#### TO DO
Make an exact transcription of the data below.

----- GIVEN RECORDS -----

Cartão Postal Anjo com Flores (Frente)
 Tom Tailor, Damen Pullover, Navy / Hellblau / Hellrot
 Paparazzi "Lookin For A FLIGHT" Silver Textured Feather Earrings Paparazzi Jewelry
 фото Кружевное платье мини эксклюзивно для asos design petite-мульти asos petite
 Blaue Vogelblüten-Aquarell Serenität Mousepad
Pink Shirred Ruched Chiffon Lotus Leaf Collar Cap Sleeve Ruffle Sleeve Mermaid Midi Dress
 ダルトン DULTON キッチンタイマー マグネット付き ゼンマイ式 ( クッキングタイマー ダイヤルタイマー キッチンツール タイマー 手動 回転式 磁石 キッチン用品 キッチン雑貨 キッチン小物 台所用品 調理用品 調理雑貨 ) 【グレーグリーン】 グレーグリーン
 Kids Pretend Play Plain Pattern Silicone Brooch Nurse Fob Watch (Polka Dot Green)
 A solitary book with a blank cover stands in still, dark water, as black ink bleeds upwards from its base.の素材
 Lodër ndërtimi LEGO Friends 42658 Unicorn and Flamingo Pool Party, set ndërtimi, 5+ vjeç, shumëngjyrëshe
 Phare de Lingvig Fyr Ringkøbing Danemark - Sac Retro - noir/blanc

-----

#### EXPECTED OUTPUT
Cartão Postal Anjo com Flores (Frente)
 Tom Tailor, Damen Pullover, Navy / Hellblau / Hellrot
 Paparazzi "Lookin For A FLIGHT" Silver Textured Feather Earrings Paparazzi Jewelry
 фото Кружевное платье мини эксклюзивно для asos design petite-мульти asos petite
 Blaue Vogelblüten-Aquarell Serenität Mousepad
Pink Shirred Ruched Chiffon Lotus Leaf Collar Cap Sleeve Ruffle Sleeve Mermaid Midi Dress
 ダルトン DULTON キッチンタイマー マグネット付き ゼンマイ式 ( クッキングタイマー ダイヤルタイマー キッチンツール タイマー 手動 回転式 磁石 キッチン用品 キッチン雑貨 キッチン小物 台所用品 調理用品 調理雑貨 ) 【グレーグリーン】 グレーグリーン
 Kids Pretend Play Plain Pattern Silicone Brooch Nurse Fob Watch (Polka Dot Green)
 A solitary book with a blank cover stands in still, dark water, as black ink bleeds upwards from its base.の素材
 Lodër ndërtimi LEGO Friends 42658 Unicorn and Flamingo Pool Party, set ndërtimi, 5+ vjeç, shumëngjyrëshe
 Phare de Lingvig Fyr Ringkøbing Danemark - Sac Retro - noir/blanc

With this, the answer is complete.